Recorded data:
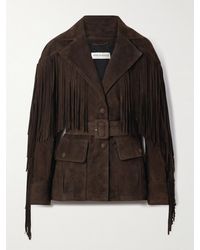 Nour Hammour - Veste En Daim À Franges Et À Ceinture Cassidy - Lyst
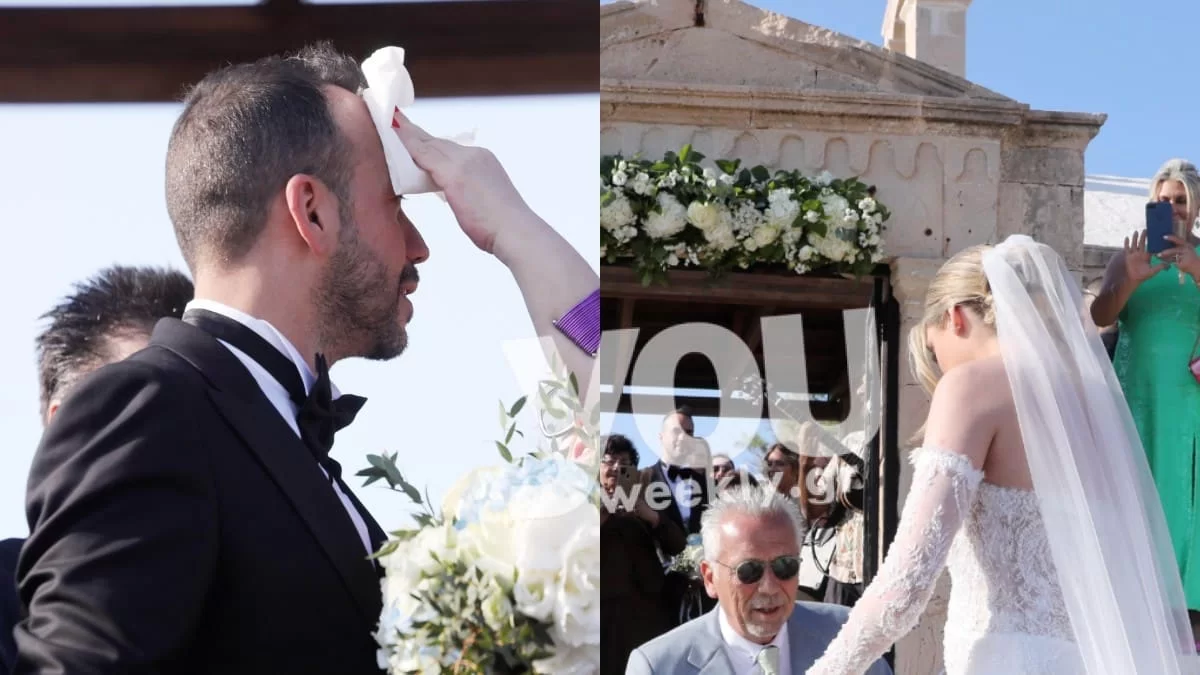 Κατέφθασε με vintage αυτοκίνητο η Μαριλού Κοζάρη στην εκκλησία - Η αντίδραση του Μουζουράκη με το που είδε τη νύφη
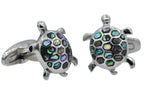 Mens Stainless Steel And Abalone Turtle Cuff links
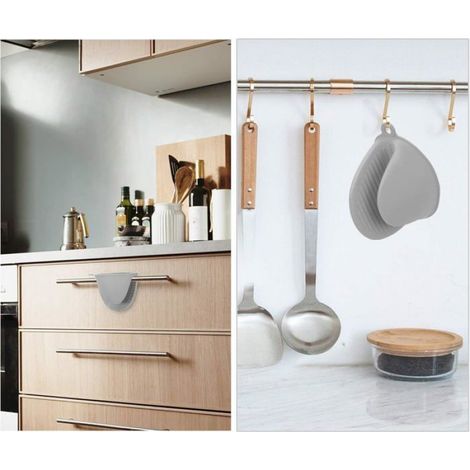 Lot de 4 maniques de cuisine en silicone résistantes à la chaleur, mini maniques en caoutchouc (noir, gris) (1/4)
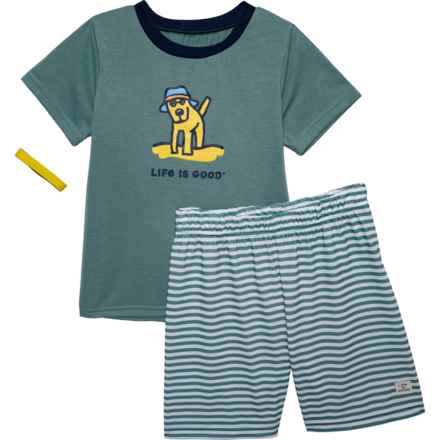 Life is Good® Toddler Boys Rocket Dog in Hat Pajamas - Short Sleeve in Mineral Blue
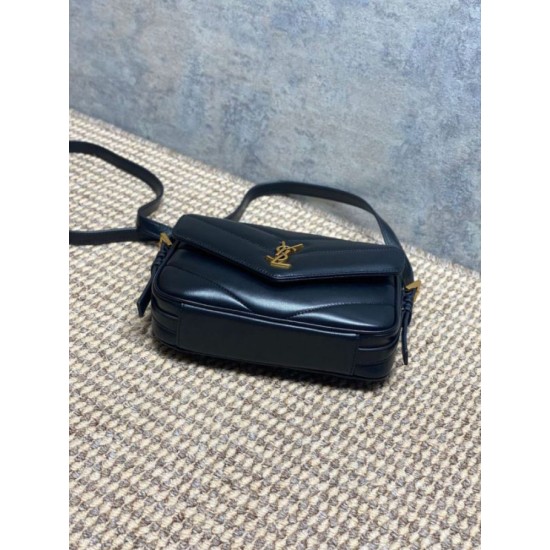 Premium Replica YSL Saint Laurent Loulou mini shoulder bag black Clone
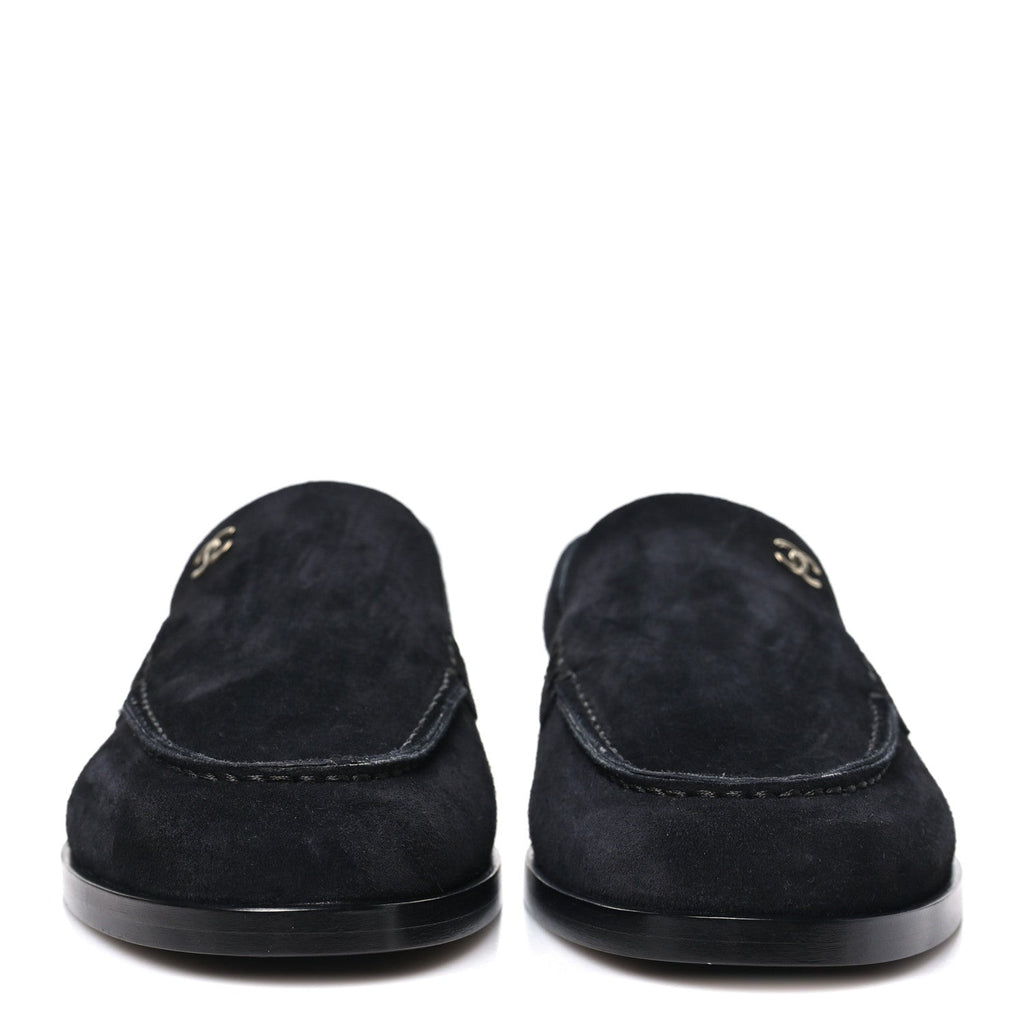 Suede Calfskin Slingback Loafers 38 Black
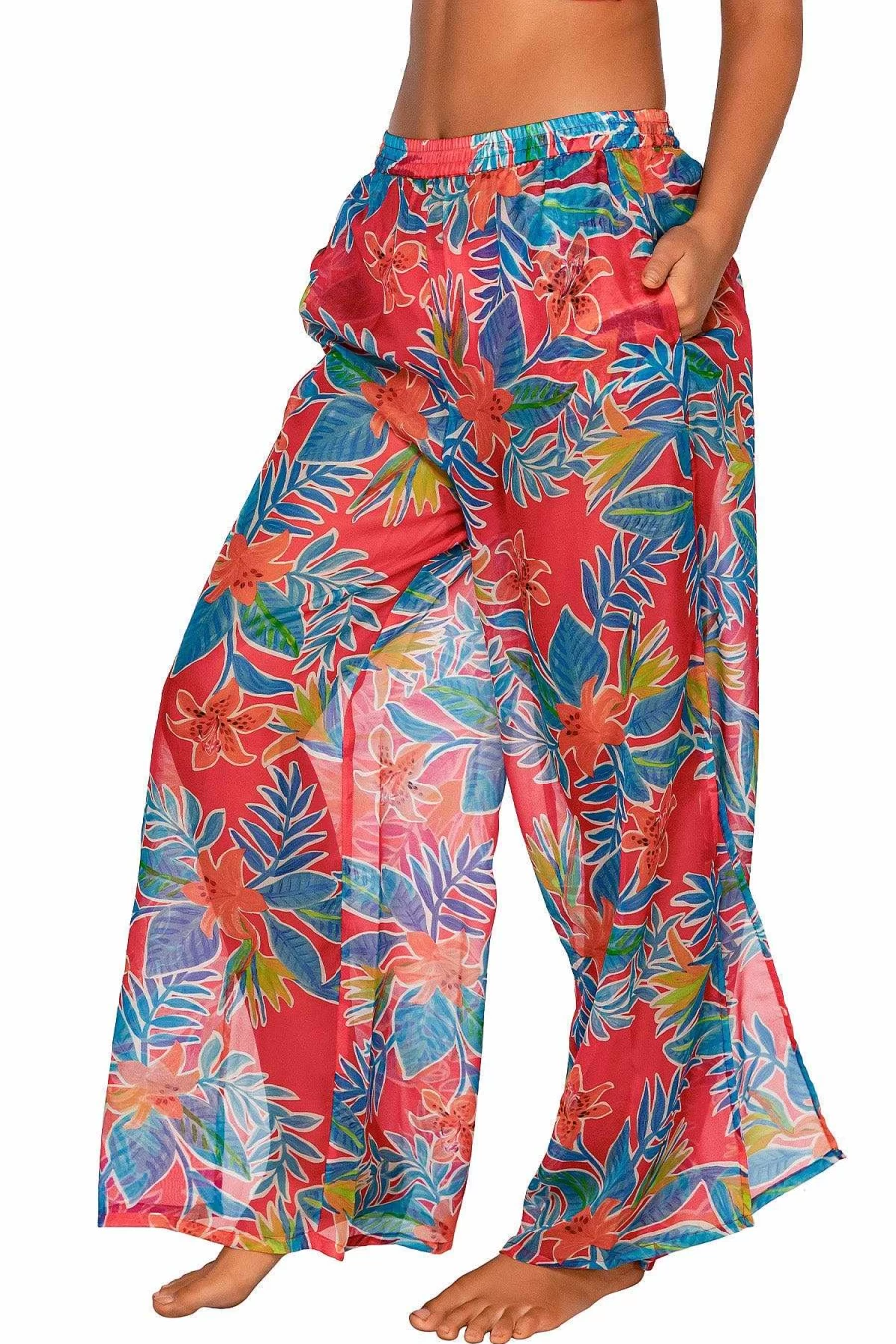 "Alpine Butterfly Swim Women's Tiger Lily Breezy Beach Pant for Sunset Strolls"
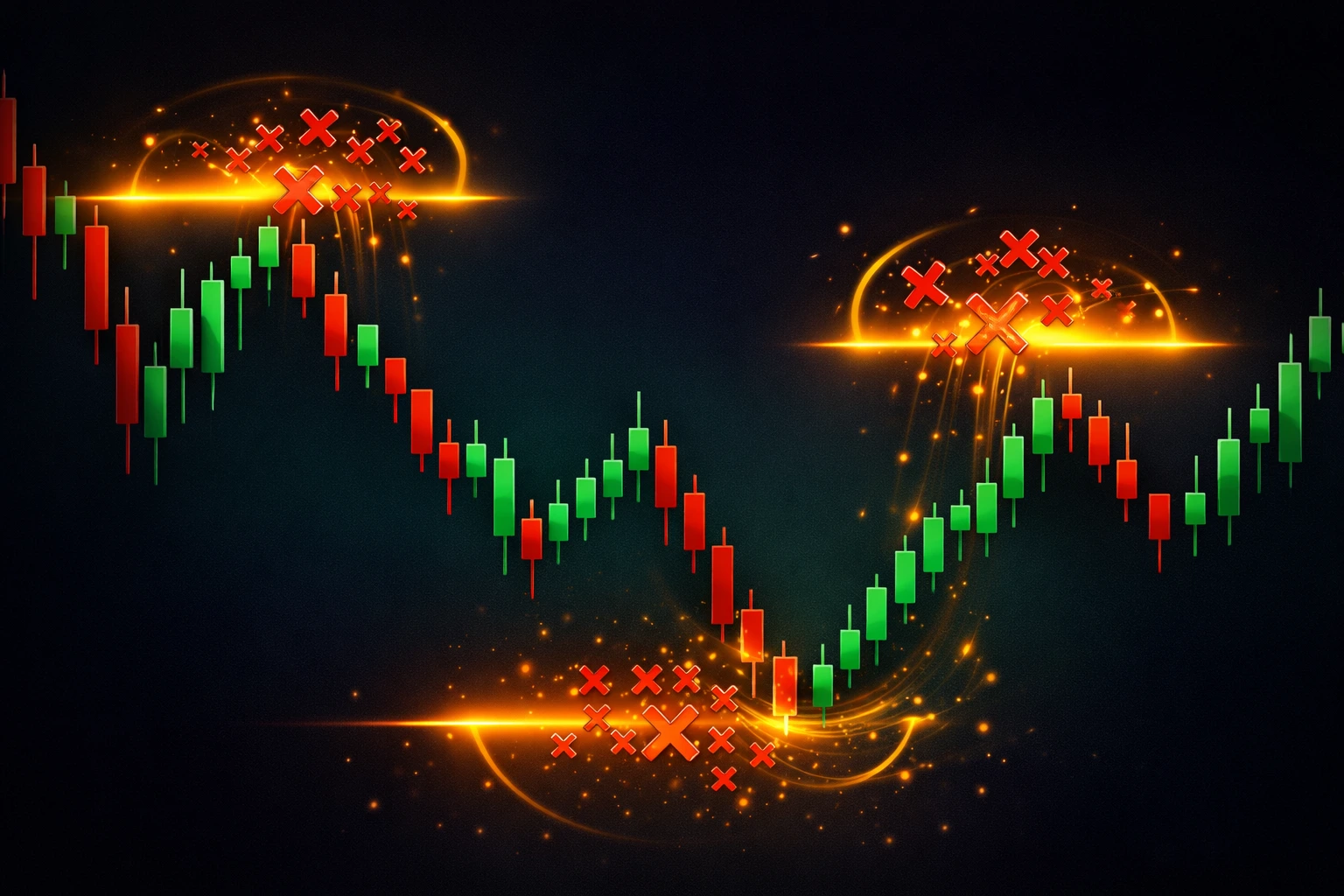 نواحی تجمع نقدینگی و حد ضرر در نمودار قیمت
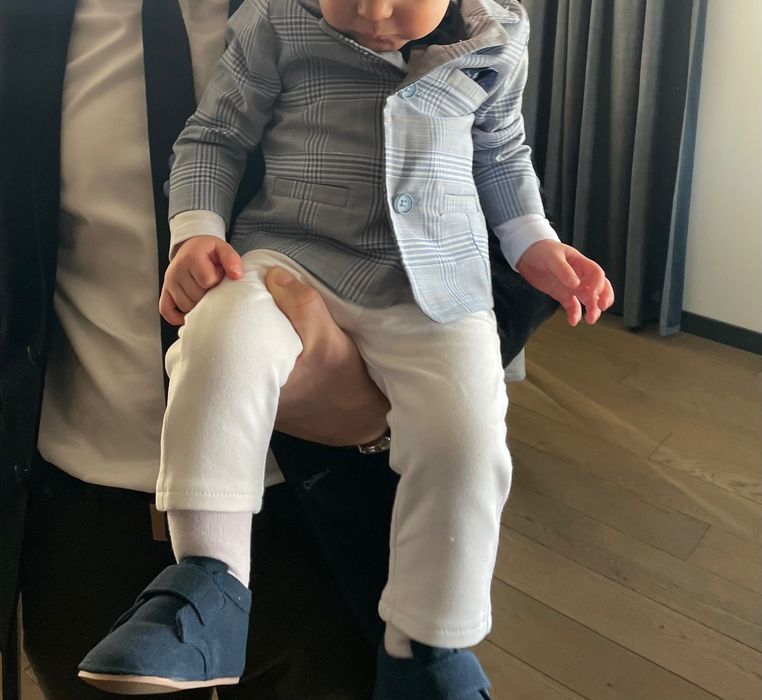 Garnitur dla chłopca chrzest roczek r.74 Mayoral buciki r.19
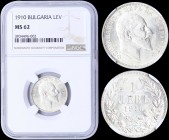 BULGARIA: 1 Lev (1910) in silver (0,835) with head of Ferdinand I facing right. Denomination above date within wreath. Inside slab by NGC "MS 62". (KM...
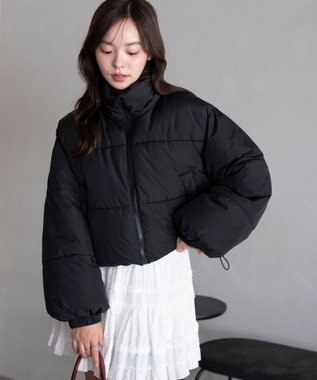 WEGO 【25年秋冬新作/SMサイズ展開】2WAYファーフードショートパファーブルゾン ブラック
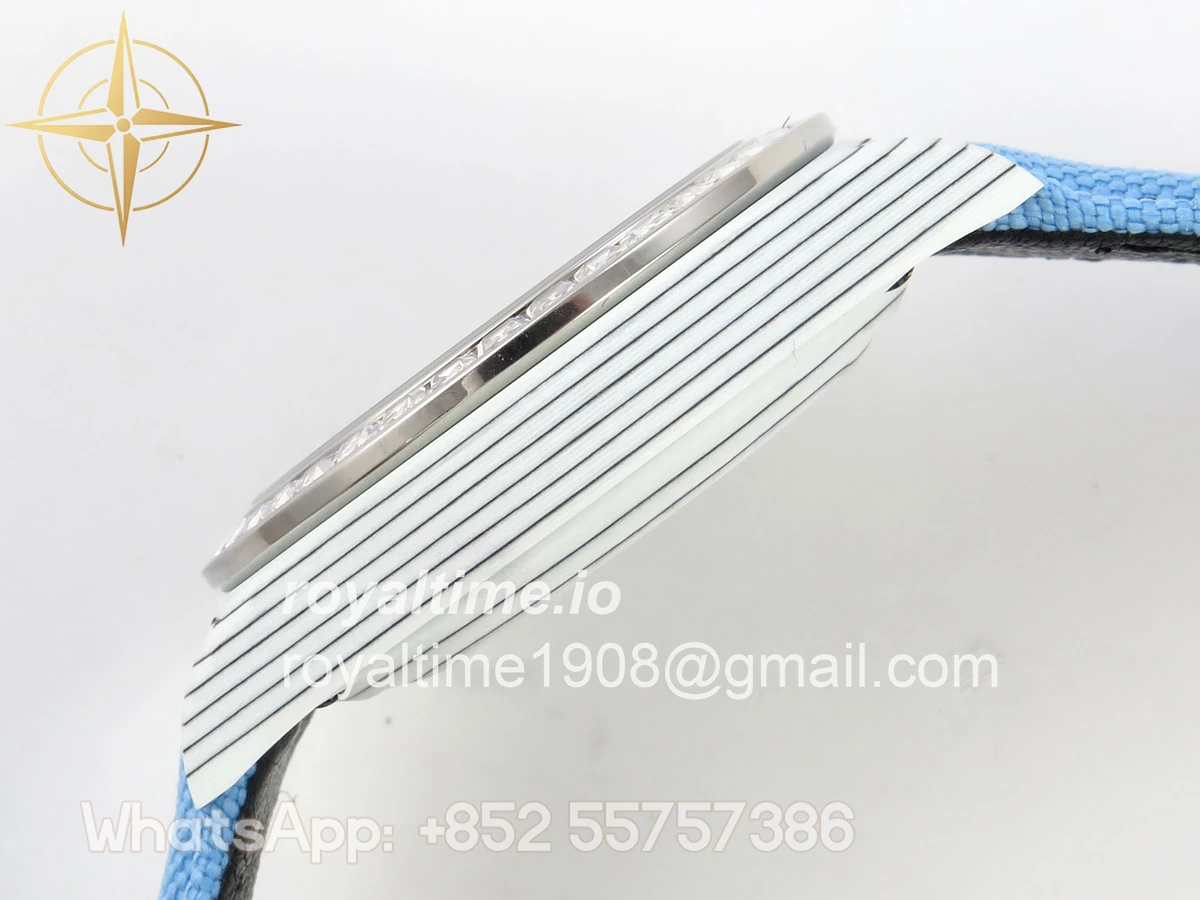 Rolex Daytona DIW White Carbon Case DIWF Edition Baby Blue/White Crystal Dial Crystal Bezel on Baby Blue Nylon Strap DD4801 - Image 9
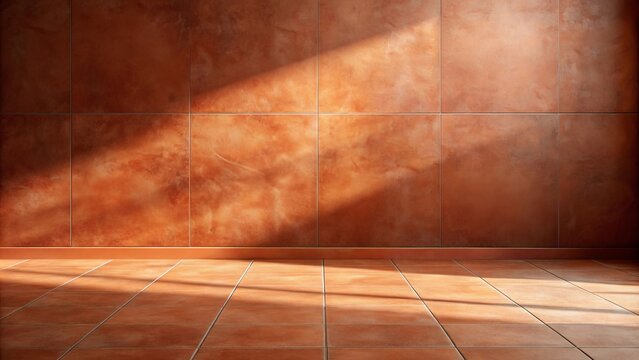 Sunlit terracotta tiled room with wall and floor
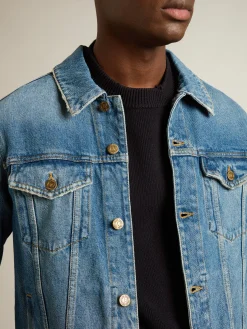 Online Jaqueta jeans masculina com lavagem média Casacos e blusões
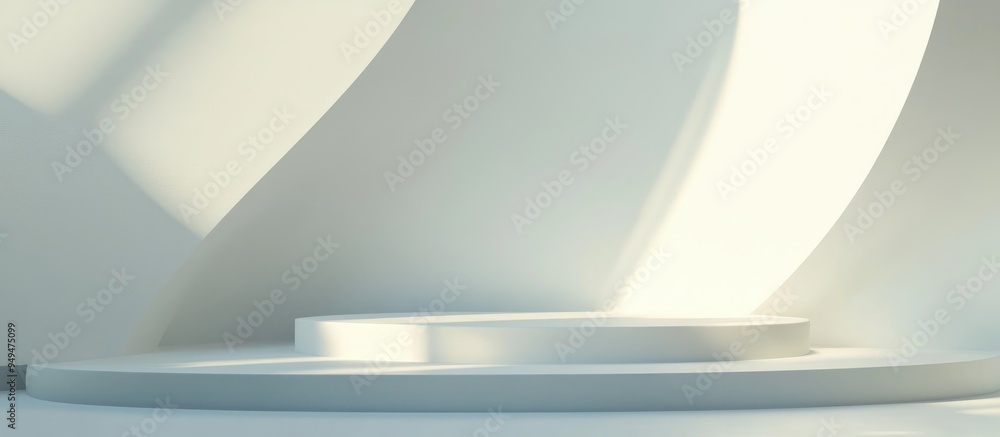 Poster 3d rendering of a minimal abstract light gray background for product presentation with soft shadows 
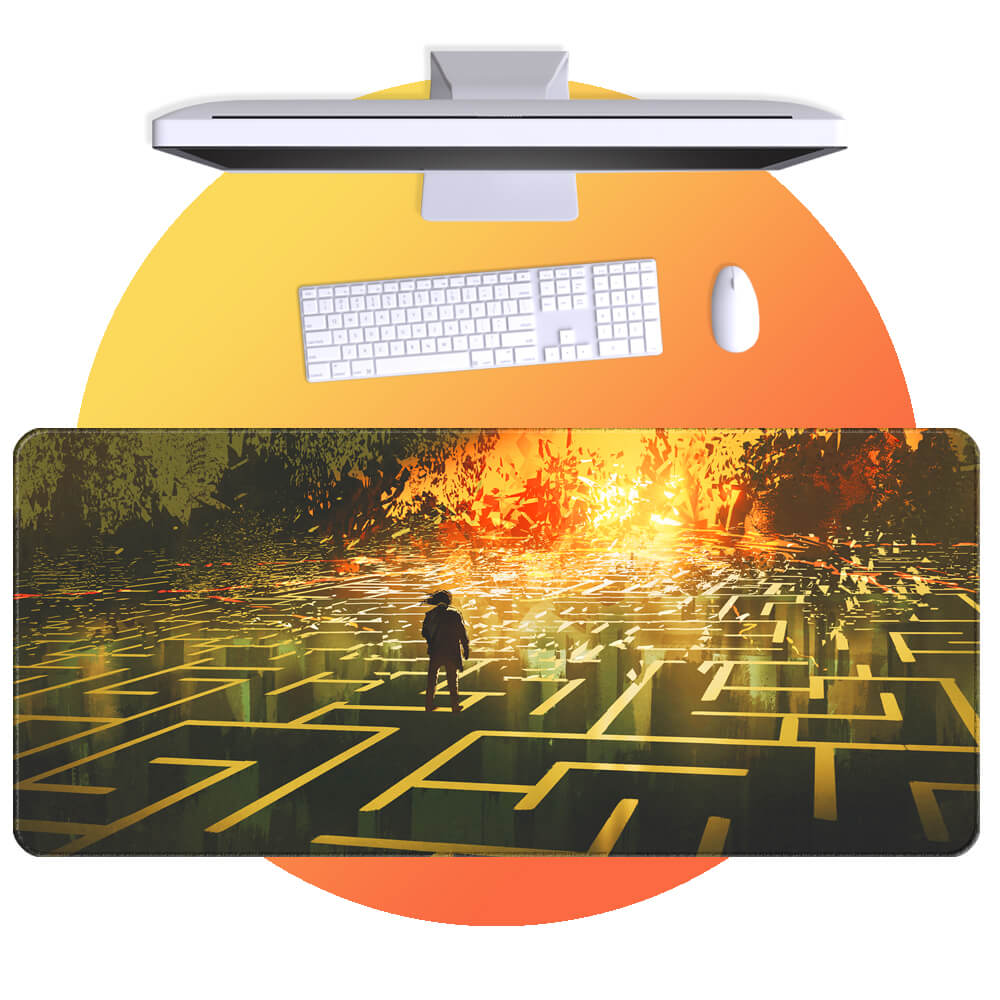 'Maze Runner' Cyberpunk Desk Mat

#### [Instructions for the task]
Drop the pictures and reproduce the rest of the data exactly.

#### [Solution below]
 Nour Hammour - Veste En Daim À Franges Et À Ceinture Cassidy - Lyst
 Κατέφθασε με vintage αυτοκίνητο η Μαριλού Κοζάρη στην εκκλησία - Η αντίδραση του Μουζουράκη με το που είδε τη νύφη
 Mens Stainless Steel And Abalone Turtle Cuff links
 Lot de 4 maniques de cuisine en silicone résistantes à la chaleur, mini maniques en caoutchouc (noir, gris) (1/4)
 Life is Good® Toddler Boys Rocket Dog in Hat Pajamas - Short Sleeve in Mineral Blue
 Premium Replica YSL Saint Laurent Loulou mini shoulder bag black Clone
 Suede Calfskin Slingback Loafers 38 Black
 "Alpine Butterfly Swim Women's Tiger Lily Breezy Beach Pant for Sunset Strolls"
 نواحی تجمع نقدینگی و حد ضرر در نمودار قیمت
 Garnitur dla chłopca chrzest roczek r.74 Mayoral buciki r.19
 BULGARIA: 1 Lev (1910) in silver (0,835) with head of Ferdinand I facing right. Denomination above date within wreath. Inside slab by NGC "MS 62". (KM...
 WEGO 【25年秋冬新作/SMサイズ展開】2WAYファーフードショートパファーブルゾン ブラック
 Rolex Daytona DIW White Carbon Case DIWF Edition Baby Blue/White Crystal Dial Crystal Bezel on Baby Blue Nylon Strap DD4801 - Image 9
 Sunlit terracotta tiled room with wall and floor
 Online Jaqueta jeans masculina com lavagem média Casacos e blusões
 Poster 3d rendering of a minimal abstract light gray background for product presentation with soft shadows 
 'Maze Runner' Cyberpunk Desk Mat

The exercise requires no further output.